# Need some input and advice from experienced dovetail jig users.



## Sigung (Nov 20, 2013)

I am considering getting a dovetail jig for some future larger projects I've always cut them by hand before, so I don't know a thing about jigs.

The one thing I have noticed, however, is that a lot of the videos and pictures I've seen show rounded back sides to the dovetails, like in the picture below.










I don't much like this, and I wonder if all dovetail jigs do this, or just some of them. If any of you know which jigs, if any, do NOT produce this rounded back edge, I would be very thankful to know what models and brands they are.

Thanks in advance,
Jerry


----------



## Earlextech (Jan 13, 2011)

Those are blind dovetails and would not be seen at all. You must want through dovetails. I love my Keller Dovetail Jig!


----------



## OggieOglethorpe (Aug 15, 2012)

The Leigh D4R I used to own did that to some extent on half blinds.

If you think about the geometry, I don't think you can cut a square internal half blind corner with a rotating tool.


----------



## JustJoe (Oct 26, 2012)

+1 to what he said about half-blind dovetails. Once assembled you don't see the curved part.
I like my Leigh. It does through, half, variable spaced, sliding, etc.
I don't like my Porter Cable. It does fixed half and through but not to the dimensions/proportions I like.


----------



## Woodbum (Jan 3, 2010)

+1 on the Leigh D4R. I use it for all of my through dovetails.
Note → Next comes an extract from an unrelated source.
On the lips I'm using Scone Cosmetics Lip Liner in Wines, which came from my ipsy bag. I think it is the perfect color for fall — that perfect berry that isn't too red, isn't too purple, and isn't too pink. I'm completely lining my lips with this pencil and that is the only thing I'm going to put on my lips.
I still cut my half blind dovetails on the router table with an Incra fence system. Don't know why, just 'cause. On half blind, who cares if they are round backed. That will be hidden when the joint is assembled.


----------



## hoosier0311 (Nov 8, 2012)

I have a leigh super 24
It does any variation of dovetails or box joints
one can space the pins at any interval desired
comes with 3 bits that are great quality.DVd and good instructions.
and can't think of anything bad to say about it.
only thing to remember is when they say make small adjustments, they mean exactly that. one little "tweak" in the jig makes a visible difference in the end result.


----------



## kdc68 (Mar 2, 2012)

Those rounded corners would only be for half blinds. As echoed above, the router wouldn't produce a square corner in those instances, nor would they be seen. Now if the jig were set up for through dovetails, then you wouldn't have that.
Many jigs on the market like the Keller and the Leigh. Check those out as well one's from Porter Cable, Rockler's, MLCS, Shop Fox, ie. There are many on the market. Good luck in your search


----------



## b2rtch (Jan 20, 2010)

I bought a dovetail jig. I spent two days leaning how to use it and then I never use it again.
It just take too much time to set it up.


----------



## upinflames (Jun 24, 2012)

Don't even throw the Rockler jig into the choice pool. My son has one and it is junk, too much plastic, the templates are plastic, but Rockler will tell you they are phenolic. New names for crap still make it crap. The templates will warp in every direction, not to mention they wear pretty quick too.


----------



## RichardHillius (Oct 19, 2013)

I'm pretty sure all half blind jigs do that. For through dovetails I have used the Leigh and Rockler ones and they both do fine although the Leigh one is way more adjustable of course.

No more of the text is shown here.